Inflation is back door taxation. No wonder they try to get the rubes to accept it and see it as a good thing.
Who are they kidding? Inflation is simply redefined as necessary to keep it officially low. Take a trip to any food market and you will quickly see a flood of inflation.
So, actually, since I’m a responsible saver, all this jargon in this article means I should welcome deflation to a certain extent, but extreme deflation would ruin my mortgage investment.
Got it. So really yay no inflation and yay deflation! Finally conditions that pay off for savers!
BS. The natural rate of inflation is slightly negative as people become more efficient and better tools are made. Anything above that is the government and bankers sticking their hand in the till.
A short spell of deflation driven by cheaper oil
More BS. Inflation is a creation of either over production of money or a fixed money supply with a decreasing total production. Supply shocks, neither positive or negative, are not deflationary nor deflationary. They may decrease or increase prices, but that is not inflation. This argument is like saying the drop in price in electronics(compare $500 for my first 32 MB drive to about $60 for my most recent 128 GB flash drive, or an annual deflation rate of 32% not even count increases in speed or convenience) is bad.
Too many economists confuse deflation in a collapsing economy with the natural deflation from productivity increases and think that since the first is bad (although a secondary effect) that the second is also bad.
Huge pantload.
A “little” inflation is NOT good and the idea that any inflation is some sort of official goal is criminal.
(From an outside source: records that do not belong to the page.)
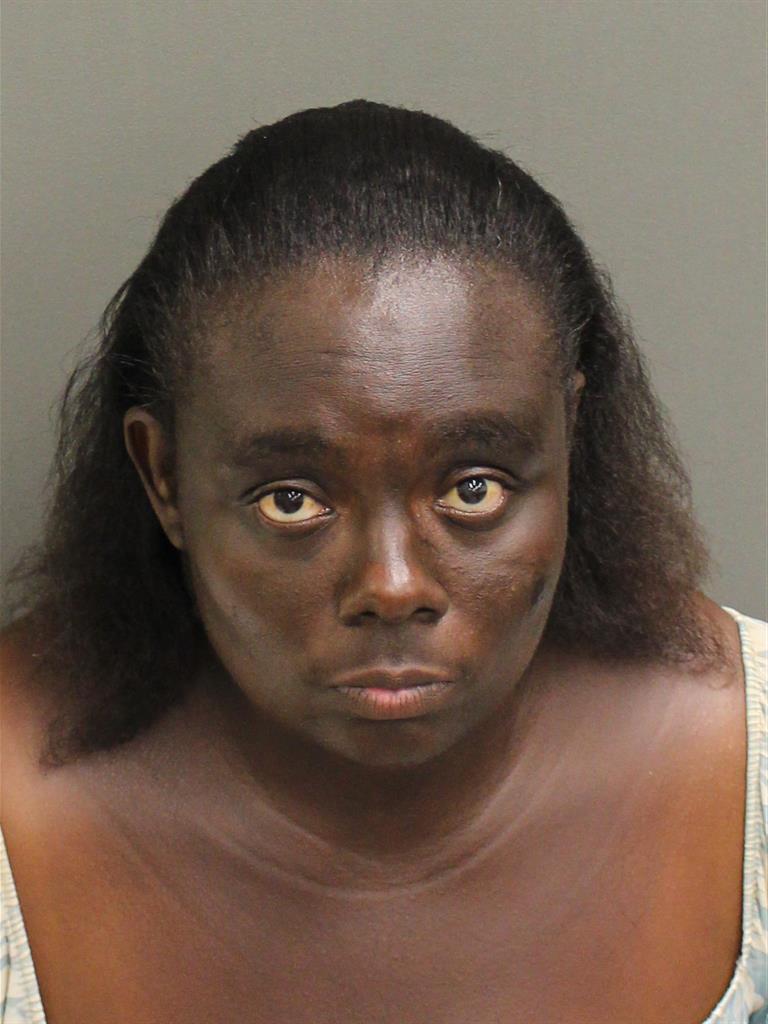  FELISHA RASHELL DAVIS Photo Image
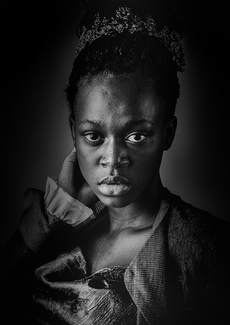 I wanna be your queen I wanna be your queen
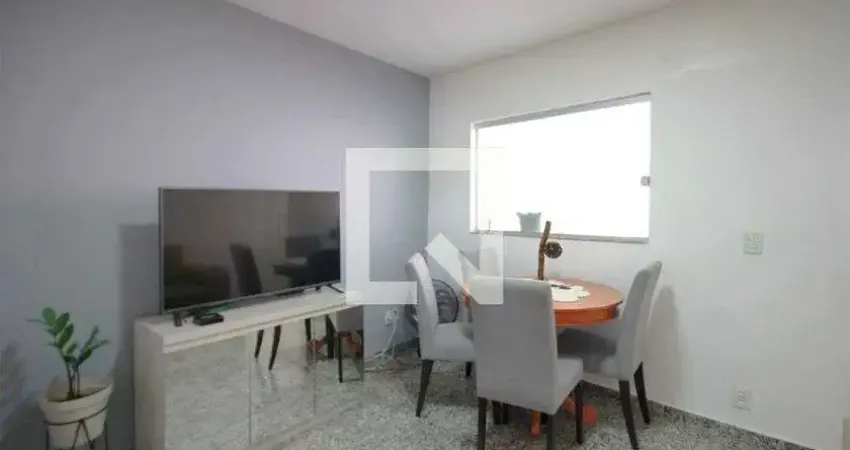 Casa para Venda - Bom Jesus, 2 Quartos,  155 m² - Belo Horizonte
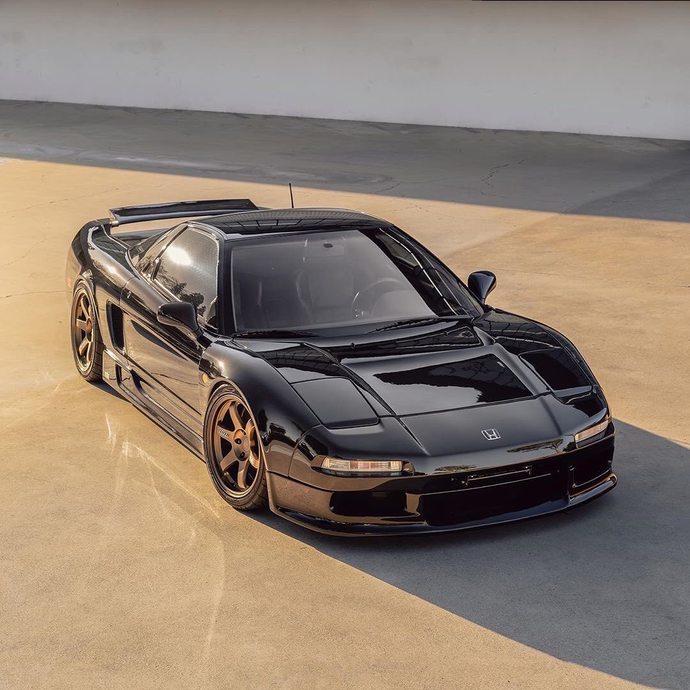 Whats your favorite / dream car? ?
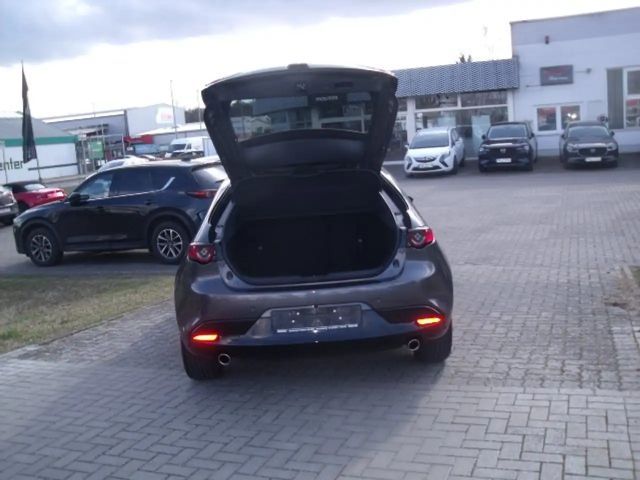 Mazda 3 Selection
Since this knucklehead takes at face value the government’s completely bogus claims of the level of inflation we are experiencing, he can have no credibility at all (GIGO). And even if the numbers were accurate, the article is still crap.
“The belief that money made tomorrow will be worth less than money today stymies investment;”
That sounds backwards to me. It’s during inflation that tomorrow’s money is worth less than today’s. Other than that the article looks good.
The belief that money made tomorrow will be worth less than money today stymies investmentIn other words, belief that inflation will occur stymies investment.